Scores of letters, written by delegates during the Convention and touching on its business, have been found and will appear for the first time in this supplement. Obviously, not every delegate letter written at Philadelphia will be published, since many deal exclusively with personal business or family matters. Some letters that are primarily personal, those of Elbridge Gerry to his wife, for example, will be included to convey the flavor of the summer of 1787 in Philadelphia and to illustrate the context in which the Constitution was written. A few communications written by “outside” groups to the membership of the Convention, i.e., an anti-slavery petition from a society of Pennsylvanians and a letter from Rhode Island merchants to an “unofficial” delegate at the Convention, will be included to illustrate the variety of interests that confronted the delegates. But in every case the principle of documentary selection remains the same: only documents that illuminate the activities of the Convention or its members between May 14 and September 17, 1787, will be printed.
Research has disclose a number of what appear to be relevant letters that the editor has been unable to locate, i.e., Nicholas Gilman to John Gilman, July 28, 1787, Connecticut delegates to Samuel Huntington, June 20, 1787, and others.
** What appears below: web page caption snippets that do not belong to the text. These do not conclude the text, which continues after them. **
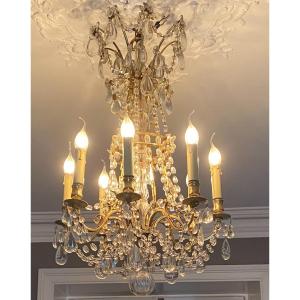 19th Century Chandelier, Crystal And Gilded Bronze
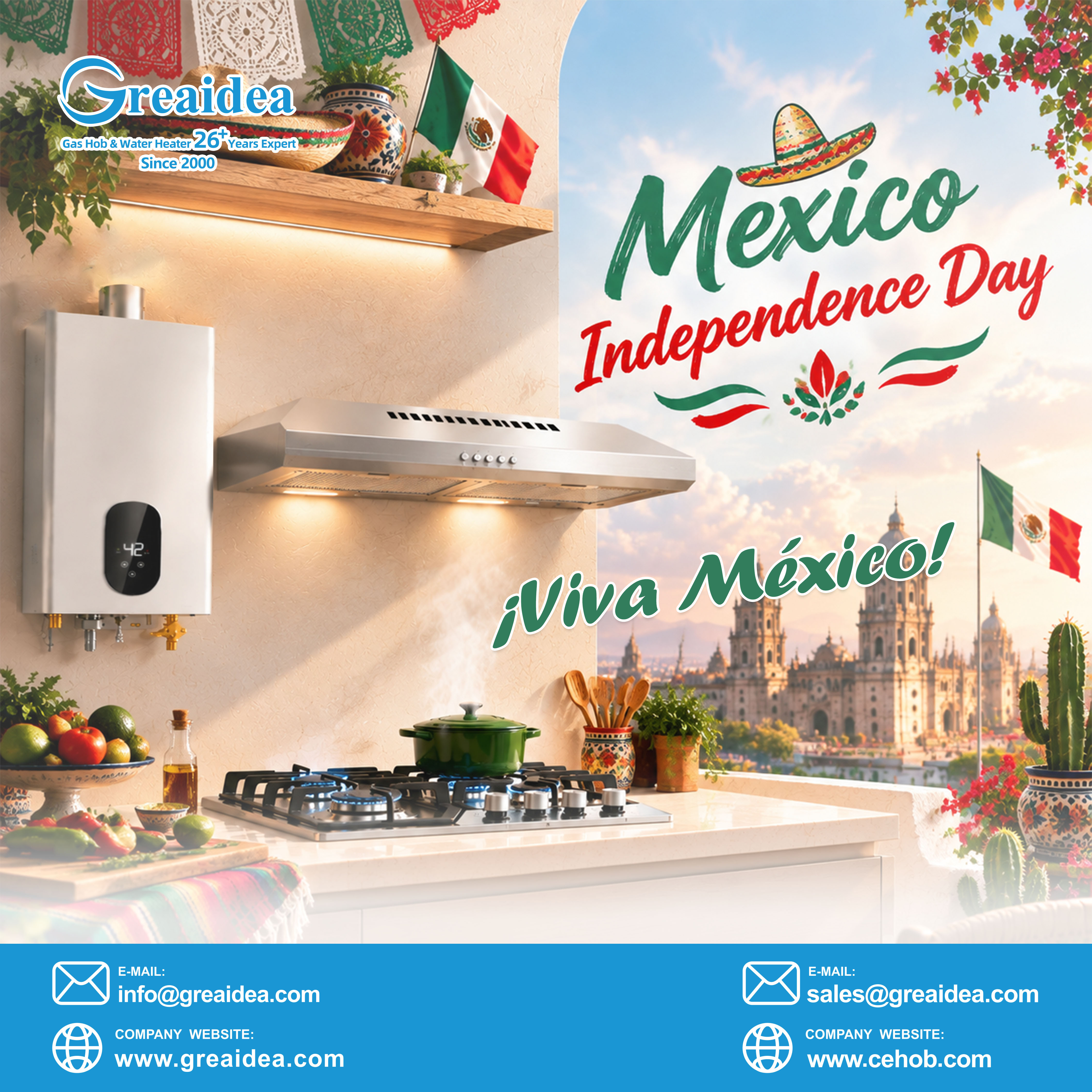Celebrating Mexico's Independence Day: Greaidea's Continued Commitment to the Mexican Gas Appliance Market
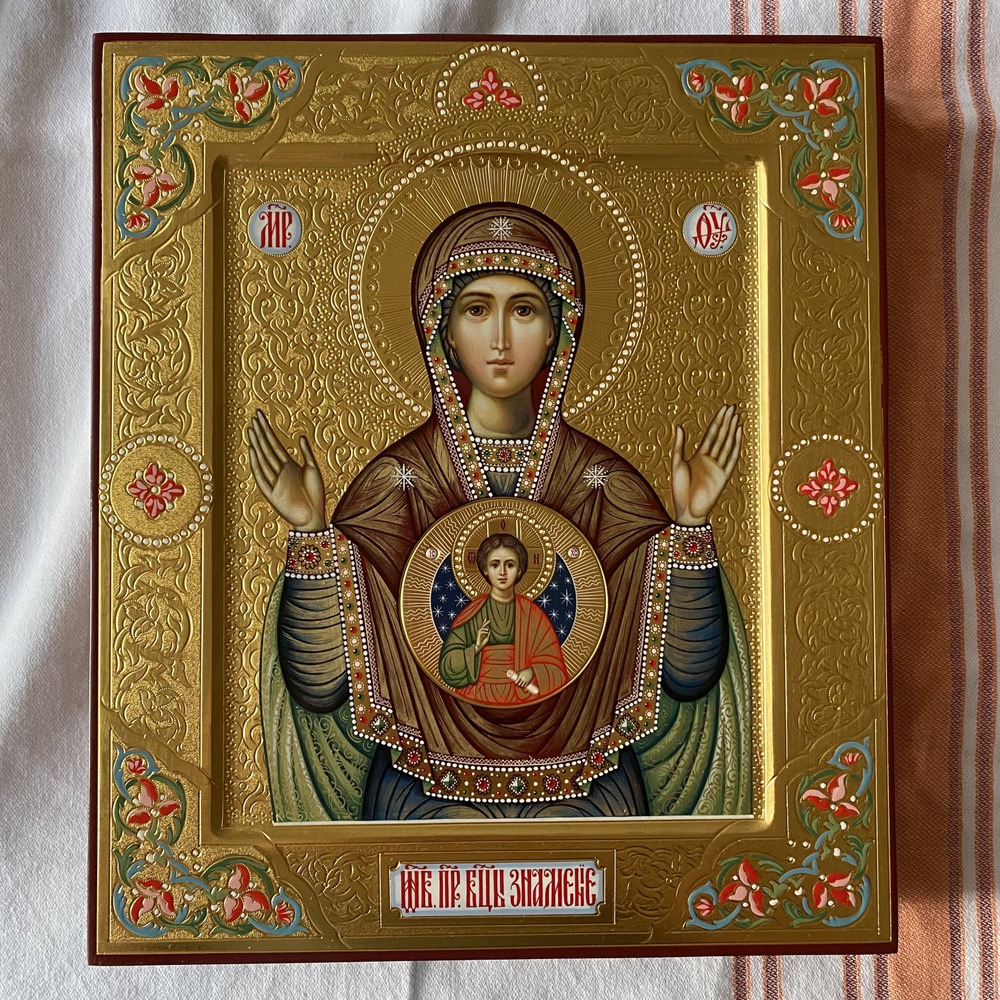 икона рукописная Пр.Богородица Знамение #1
A more regrettable omission is Robert Yates’ Convention notes, which Evarts B. Greene and Richard B. Morris, A Guide to the Principal Sources of Early American History (1600-1800) in the City of New York (New York, 1929), p. 187, identified at the New York Public Library. A search in that repository by Mr. Rapport did not discover these notes nor has the staff of the library been successful in finding them. The editor hoped to find Convention Secretary William Jackson’s notes of debates, which he took in addition to keeping the “official” records that were published in 1819 at Congress’ direction, as the Journal, Acts, and Proceedings of the Convention (printed in full by Farrand). Jackson informed Timothy Pickering on August 11, 1827, that he took notes of the debates in a form of shorthand and was at that moment transcribing them. Although some scholars have presumed that the notes may be extant, the editor has not located them.
The present supplement will not, then, include all Convention documents that may exist. Perhaps no compilation of eighteenth-century documents can be considered definitive, because even after two centuries new manuscripts continue to surface with surprising regularity. Farrand recognized that his own work might require revision; at some time in the future this supplement may need to be merged into a newer, more comprehensive volume. The editor would not regret such an event, because it would mean that new material had been discovered that would enhance our understanding of the Constitution.